— What to work on —
Only the lines from the one with "Used Leapmotor C16" through the end of the data are wanted, copied exactly.

— Source material —
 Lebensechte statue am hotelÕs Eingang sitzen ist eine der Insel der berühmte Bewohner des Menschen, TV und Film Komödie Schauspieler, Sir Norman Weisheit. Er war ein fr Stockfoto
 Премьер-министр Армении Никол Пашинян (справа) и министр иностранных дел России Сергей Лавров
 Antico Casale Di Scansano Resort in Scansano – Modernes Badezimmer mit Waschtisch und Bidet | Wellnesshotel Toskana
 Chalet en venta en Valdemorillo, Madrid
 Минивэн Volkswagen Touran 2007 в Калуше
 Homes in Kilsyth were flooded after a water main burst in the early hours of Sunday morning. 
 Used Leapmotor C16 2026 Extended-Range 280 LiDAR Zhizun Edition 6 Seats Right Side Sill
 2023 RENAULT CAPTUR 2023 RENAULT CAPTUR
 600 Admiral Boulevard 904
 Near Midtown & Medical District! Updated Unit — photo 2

— Solution for this task —
 Used Leapmotor C16 2026 Extended-Range 280 LiDAR Zhizun Edition 6 Seats Right Side Sill
 2023 RENAULT CAPTUR 2023 RENAULT CAPTUR
 600 Admiral Boulevard 904
 Near Midtown & Medical District! Updated Unit — photo 2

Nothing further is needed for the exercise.